Szlagierem 25. kolejki Primera Division, będzie konfrontacja Sevilli FC z Realem Saragossa. Na Estadio Ramon Sanchez Pizjuan zapowiada się niezwykle ciekawe spotkanie, w którym faworytem są podopieczni Manolo Jimeneza.


Udostępnij na Udostępnij na

Pomimo fatalnej w wykonaniu Andaluzyjczyków pierwszej części sezonu (Sevilla znajdowała się nawet niżej w tabeli ligowej od Saragossy) potrafili w końcu złapać formę. Wygrali ostatnie cztery z pięciu spotkań i ponownie liczą się w walce o Ligę Mistrzów.
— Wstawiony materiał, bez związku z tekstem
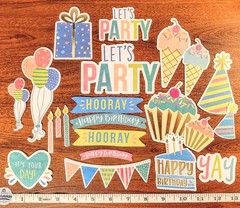 Birthday Party Pack/Scrap Paper-Vellum- Die Cuts-Gift Bags Tags And Tissue/New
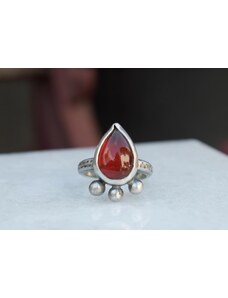 SILVERstro Ασημένιο δαχτυλίδι με κόκκινο Αχάτη(Red Agate)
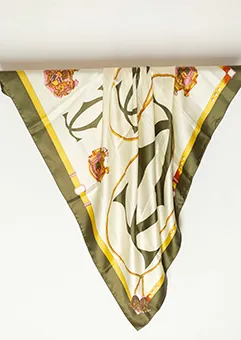 Cream and Green Printed Silk Scarf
Sevilla zajmuje obecnie 6 miejsce, jednak traci do 4 pozycji 5 punktów, mimo to Andaluzyjscy gracze nie powiedzieli ostatniego słowa i na finiszu rozgrywek chcą ponownie wrócić do czołówki, aby wystartować w kolejnej edycji Champions League.
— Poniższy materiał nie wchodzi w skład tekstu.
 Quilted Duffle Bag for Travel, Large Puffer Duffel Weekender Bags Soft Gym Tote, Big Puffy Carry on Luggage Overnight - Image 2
 Ostatnie zwycięstwo ligowe nad Espanyolem utwierdziło zawodników  Manolo Jimeneza w przekonaniu o swojej wysokiej formie, choć w środowym meczu LM Sevilla uległa w Stambule tamtejszemu Fenerbahce 2:3. Gola dla Hiszpanów strzelił Escude, a samobójcze trafienie zaliczył gracz Turków, Edu.W drużynie Sevilli nie zagrają zawieszony za kartki Christian Paulsen, kontuzjowani Chevantón oraz kapitan zespołu Javi Navarro. W ekipie gości zabraknie jak zwykle Luisa Cuartero oraz Pablo Aimara.

 Saragossa na La Romareda uległa tydzień temu Barcelonie 1:2. Wynik ten był karą za seryjne marnowanie 100% sytuacji pod bramką Victora Valdesa. Gola dla Saragossy zdobył Ricardo Oliveira. Po tamtym spotkaniu Real Saragossa złożyła oficjalny protest do Hiszpańskiej Konfederacji Futbolu i Komitetu Sędziowskiego, dotyczący skandalu do jakiego doszło w sobotnim meczu, którego głównym bohaterem był sędzia Gonzalez Vazquez, który nie dostrzegł, jak Henry przyjął piłkę ręką w akcji, kiedy padał gol na 0-1, a w drugiej połowie podyktował rzut karny za to, że Juanfran dotknął piłkę ręką.

 Podopieczni Javiera Irurety średnio spisują się w tym sezonie, i pomimo zapowiadanej walki o Puchar UEFA środek tabeli to chyba jedyne na co będzie stać piłkarzy z La Romareda. W tej kolejce na przeciw nim stanie jeden z najlepszych ataków w Europie, który stanowią Luis Fabiano (17 bramek w  lidze), wraz do spółki z Fredericem Kanoute.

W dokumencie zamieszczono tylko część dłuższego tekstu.